We asked participants to indicate the profession of the source. Response options included the three source affiliations used in the experiment (lobbyist, scientist and HIS) and one distractor item (school principal). Such source memory tests are often used in research on source effects [39].

Further measures.

We also asked participants to justify their response to the contingency table task in an open text box. Further, we measured propensity to trust with 6 items and attitude towards a chocolate milk ban with 2 items, responses to which were recorded on a 5-point scale. None of these further measures were analyzed here, as they would have surpassed the scope of the study.

Procedure

Participants completed the survey online. The recruiting call included instructions to complete the survey in a quiet environment and on a PC, laptop or tablet. After filling out the informed consent form, the stimulus introduction and screenshots, including the contingency table task, were presented to the participants. This was presented on the same page so participants could refer back to the contingency table when thinking about their answer. Then, participants rated source trustworthiness, topic attitude and filled out a memory check. After that, participants completed the numeracy and propensity to trust questionnaires and, lastly, demographics. We chose to present the numeracy and propensity to trust scales after the intervention even though they were covariates. This was for two reasons: we wanted to avoid tiring out participants from the start, especially since the numeracy items were found to be cognitively challenging in pre-tests, and secondly, because both scales could activate unwanted cognitive schemas; the numeracy scale could have made participants focus on the mathematical side of the contingency table task by default and the propensity to trust scale could have made participants privy to the notion that the experiment was about trust, thus inducing unwanted experimenter demand.

Participants

We recruited a total of N = 507 participants through testingtime.com. According to Testingtime’s own information, they have a pool of about 350,000 participants, mainly from German-speaking countries, 35% of which are between 30 and 50 years of age and 41% of which hold an academic degree. The sample consisted of 271 females (53.45%) and had a mean age of M = 32.97 (SD = 10.79). 26.63% of participants were students. On average, participants took 10 minutes and 27 seconds to complete the study.

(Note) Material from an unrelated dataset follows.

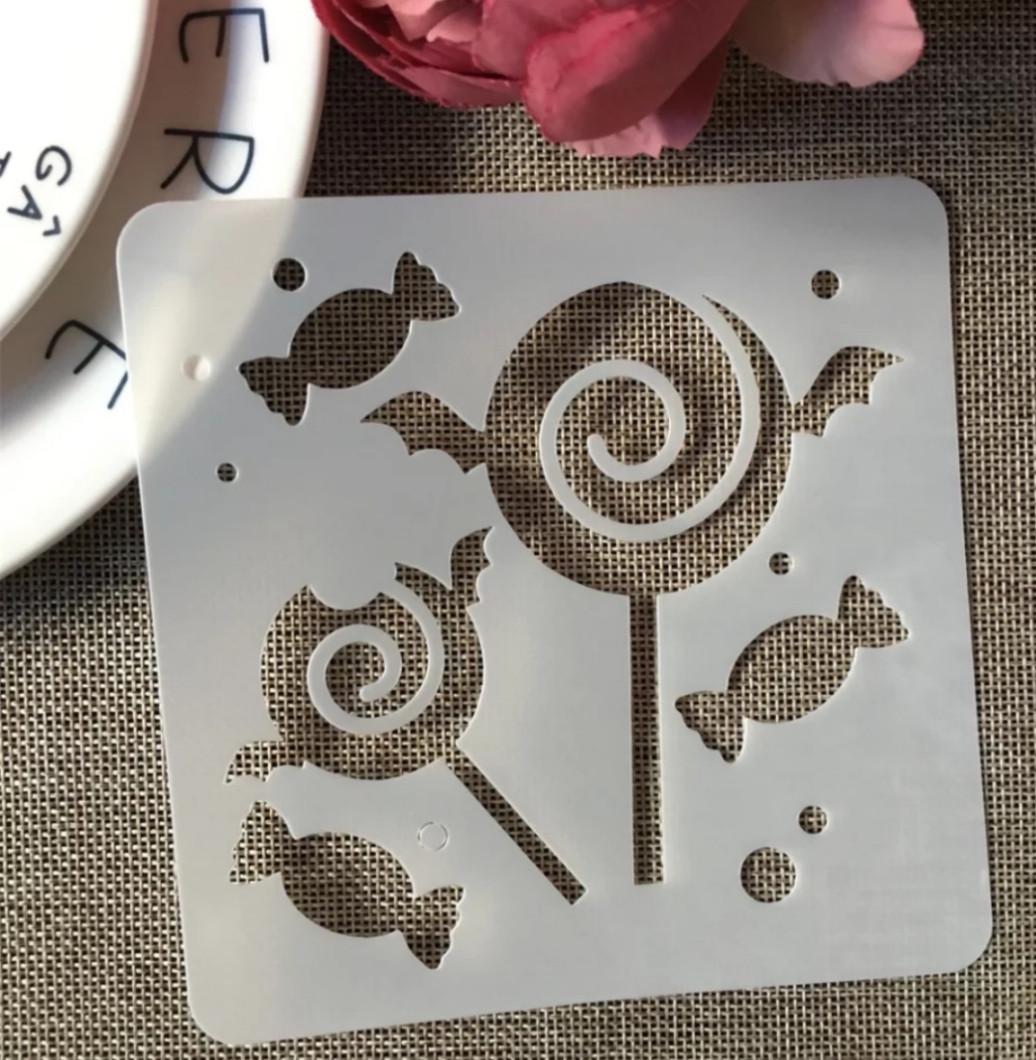 Трафарет для Хэллоуина Конфеты 13х13 см Серый (7615/15)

An a-priori power analyses was conducted with G-power 3.1 [40]. We did not know how large the effect of epistemic vigilance on the solving rate of the contingency table would be. Another study using the same dependent variable reported a baseline performance of 31% correct solvers, and a logit coefficient for the effect of identity-protective cognition of 1.28 (OR = 3.60) [5]. For this effect size (with α = 5%, β = 5%, R2 other X = 20%, X-distribution = binomial and π = 0.5) the recommended total sample size is N = 141. As we suspected the source effect in our study to be smaller, we ran the analyses again with OR = 2. This yielded a recommended total N = 483.

We only wanted to include participants in the analysis who correctly remembered the source affiliation in their condition (see below for further information on the memory check item). However, only 57.79% of participants correctly answered the memory check. This led to a sample size of N = 293 (150 female). Since such an amount of participants had to be excluded, it is crucial to know whether the remaining participants differ from those that were left out in some meaningful way. For this, we compared the participants who answered the memory check correctly with those who did not in regards to age, gender, education, numeracy and regarding the solving rate of the contingency table task. The only statistically significant difference was in regards to age with excluded participants being slightly older (ΔM = 2.52, 95% CI [0.58, 4.45], t(420.69) = 2.55, p = .011). Overall, with the measures available to us, we do not find meaningful differences between the remaining and excluded participants beyond source memory. Since our experimental effect hinges on participants paying attention to the source, we exclude the participants who did not answer the memory check item correctly.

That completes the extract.